I cried into his shoulder. My tears soaking through his rather expensive suit coat. Likely totally fucking my makeup. But he didn’t say anything. He didn’t stop me. He just rubbed my back and held me.

After a few minutes, I hiccuped and pulled back. I wiped under my eyes with my fingers. “God, I probably look like such a mess.”

“No, you don’t,” he whispered softly. His eyes so wide and caring.

I pulled a compact out of my purse and adjusted my makeup. My cheeks were red and puffy, and my eyes looked like, well, like I’d been crying. But it wasn’t as bad as I’d thought it’d be.

His hand was still on my shoulder, steadying me. “You know, I’ll always be here for you, English. If you need someone to talk to or just cry on, I can be there.”

“Thank you.” I swallowed back the last wave of tears and sniffed once. “I appreciate it.”

His hand was still on my shoulder. Rubbing slow circles into my skin. “Do you have a sense of déjà vu?”

“A little,” I whispered.

It did feel the same.

We’d met on a night just like this one. Except that I’d been so out of my element and he’d been pure confidence. I’d never thought that I could fall for someone like him. And within hours, I’d handed over my entire heart, hook, line, and sinker.

He stepped in closer. His arms came around my shoulders. “I want it to be like it was. I wish we could go back to that night and start over.”

I did, too. A small part of me really wanted that.

A part of me even wanted this right here. For my husband to have been here for me through all of it.

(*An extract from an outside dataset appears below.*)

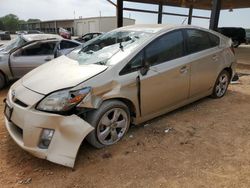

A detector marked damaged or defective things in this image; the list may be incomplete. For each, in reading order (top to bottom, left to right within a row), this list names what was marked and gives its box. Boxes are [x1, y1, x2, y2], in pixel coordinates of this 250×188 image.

crumpled hood [21, 55, 107, 94]
cracked headlight [36, 86, 91, 111]
damaged front bumper [3, 83, 94, 167]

It would be so easy to just play the night over again. To get lost in conversation with him for hours on end. To let him call me after and woo me into a date. We’d go to a fancy restaurant. He’d insist on ordering, but I’d order for myself anyway because that was who I was. We’d dance in the lobby of the bar to no music, and he’d drive me home and kiss me at the door.

We’d make up. Go to counseling. Forget what had happened. And live happily ever after.

I could see the entire future in his eyes as he waited for my response. Waited for me to agree with him.

But as much as that would be wonderful, it wasn’t even what I wanted anymore. He wasn’t what I wanted.

So, I stepped back, away from his comforting arms. “But we can’t go back.”

He sighed heavily. “Maybe we can.”

“No,” I said with a shake of my head. “No, we can’t.”

“Is it still about what happened in London? It would never happen again.”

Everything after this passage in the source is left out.